Wow that is amazing.


----------



## bane (Nov 27, 2012)

Wow, that's a beauty. &#128512;&#128077;


----------



## Donnathomp (May 5, 2012)

Gorgeous!


----------



## willi66 (Aug 30, 2012)

Gorgeous shawl! You need to knit one for yourself. Those colors would look fab on you!


----------



## Lostie (May 2, 2013)

Wonderful, and so clever :thumbdown:


----------



## suedenie (Nov 15, 2015)

This is lovely. I like your choice of colours.


----------



## London Girl (Dec 18, 2011)

PinkFlowerPetal said:


> I would be interested to know please which UK weight of yarn you used [thanks]

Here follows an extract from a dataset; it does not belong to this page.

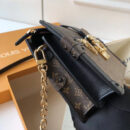 M43596 LV TRUNK CLUTCH 手袋 LV女包 LV挎包 LV盒子包 老花拼色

Well, the main, camel colour is four strands together of some very fine random yarm from Ebay and the colours are sock yarn, 4ply?


----------



## London Girl (Dec 18, 2011)

welsh1 said:


> I came back to look at it again and I don't really like shawls! However I love the colours you chose, very subtle and modern. I'm sure your friend will love it. I also checked out the pattern on Ravelry - it looks longer in their pattern picture - did you make yours smaller?
> Maybe there'll be a shawl in my future


I knitted it exactly as per the pattern but it could be they used 'fatter' yarn! It kind of comes out as it comes out!
Edit: Just checked the pattern and without the edging it should have been 60" x 40" but mine was 65" x 45" so mine is actually bigger!!


----------



## Hazel Anne (Jul 24, 2011)

Its just lovely.


----------



## sanditoes48 (Feb 6, 2013)

Wonderful!!


----------



## yover8 (Oct 21, 2011)

That is a beautiful shawl! The colours are great


----------



## 44gram (Dec 10, 2011)

Just lovely!!!!


----------



## carlacrn (Jan 20, 2015)

AMAZING!!!!!!!


----------



## edithann (Feb 12, 2011)

Stunning!
:thumbup: :thumbup: :thumbup:


----------



## Jawetz (Sep 6, 2015)

Absolutely beautiful -- lucky friend!


----------



## trish2222 (May 13, 2012)

Beautifully knitted. Love the colours and design.


----------



## Jimmy'swife (Nov 9, 2013)

Beautiful work. Very pretty.


----------



## TinaS (Aug 21, 2014)

Wow! That is beautiful.


----------



## Ashenlachie (Dec 3, 2011)

Magnificent -love the colour combination. Lucky friend


----------



## Knittingkitty (Sep 25, 2011)

It's stunning, amazing birthday gift!


----------



## ViTalinaCraft (Oct 12, 2015)

Very beautiful shawl, lovely colors and design!


----------



## Glenlady (Mar 25, 2013)

Your shawl is truly amazing, I could never do that in a million years, congratulations on your skill :thumbup: :thumbup:


----------



## susandkline (Oct 26, 2015)

I love it! What a fantastic pattern.


----------



## kmansker (Dec 29, 2012)

Beautiful!


----------



## arkynana (Apr 11, 2011)

Beautiful - It will be received as a very special gift - The colors you chose from your stash look great together :thumbup: :thumbup: :thumbup:


----------



## run4fittness (May 22, 2011)

What a stunning shawl!


----------



## London Girl (Dec 18, 2011)

Glenlady said:


> Your shawl is truly amazing, I could never do that in a million years, congratulations on your skill :thumbup: :thumbup:


Easier than it looks, honestly!!


----------



## jmewin (Oct 18, 2012)

Gorgeous!!!


----------



## berigora (Nov 27, 2012)

London Girl said:


> Easier than it looks, honestly!!


 :thumbup: I am glad about that! Now I am truly tempted ...


----------



## betty boivin (Sep 12, 2012)

A work of art!!!


----------



## Billie Dawn (Jan 11, 2016)

This is a beautiful shawl and I love your color palette! It's amazing what we can find in our stash.


----------



## kathycam (Apr 24, 2012)

What a beautiful gift. I hope your friend still has eyesight to appreciate your beautiful work.


----------



## Sand101 (Jun 1, 2013)

Your shawl is stunning love love love it


----------



## London Girl (Dec 18, 2011)

berigora said:


> :thumbup: I am glad about that! Now I am truly tempted ...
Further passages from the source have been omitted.